Ela, pessoalmente, só conseguiu concluir o Ensino Médio depois de casada e com filhos. Na década de 1980 e 1990, não conseguia pagar o aluguel para viver com sua família. Morou em abrigos emprestados. Só fixou residência em 1992, depois de construir, por meio de mutirões, uma casa no Jardim Celeste, na Zona Sul de São Paulo.
“A maioria casa ou tem filhos muito cedo. Não tem tempo para estudar. Não consegue um bom emprego”, disse ela, que ainda hoje ajuda a cadastrar mulheres chefes de família que precisam de moradia.
“Há um componente demográfico nesse problema. Há muitas famílias chefiadas por mulheres, sobretudo com baixa renda. Temos muitas mães solteiras, divorciadas, abandonadas pelo marido”, complementou Camila D’Ottaviano, pesquisadora do Observatório das Metrópoles e professora da Faculdade de Arquitetura e Urbanismo da Universidade de São Paulo (FAU-USP), sobre o déficit feminino.
Problema crescente
Esse déficit, aliás, já é conhecido por militantes e estudiosos há anos.
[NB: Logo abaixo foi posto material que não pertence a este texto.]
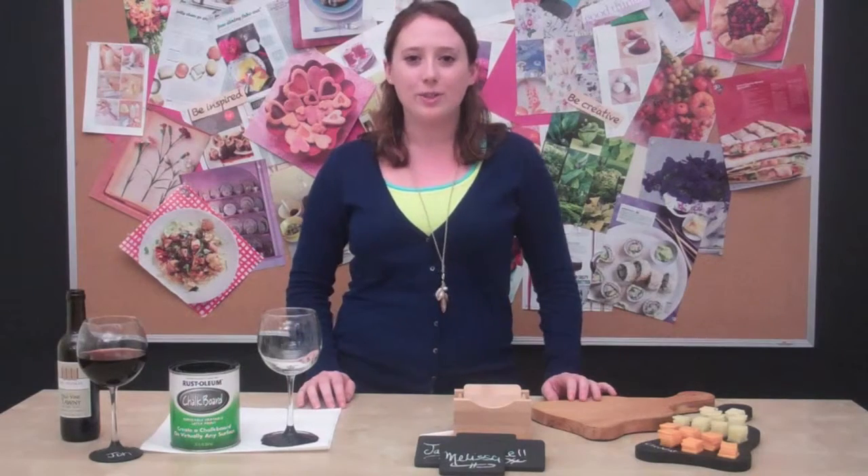So head on over to celebrations.com for the complete how-to on all of these projects and more party inspiration.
Só em 2021, no entanto, ele foi verificado por estatísticas oficiais.
Foi neste ano que a FJP incluiu em seus levantamentos a divisão por gênero da liderança das famílias sem casa adequada para viver. Aquela pesquisa foi baseada em dados do IBGE coletados entre 2016 e 2019.
Raquel, da Habitat para a Humanidade Brasil, conta que o que surpreendeu nesses quatro anos é que o déficit habitacional entre mulheres cresceu, mesmo com políticas públicas que as privilegiam. Em 2016, 54,6% das famílias que compõem déficit eram chefiadas por mulheres –5,4 pontos percentuais a menos do que em 2019.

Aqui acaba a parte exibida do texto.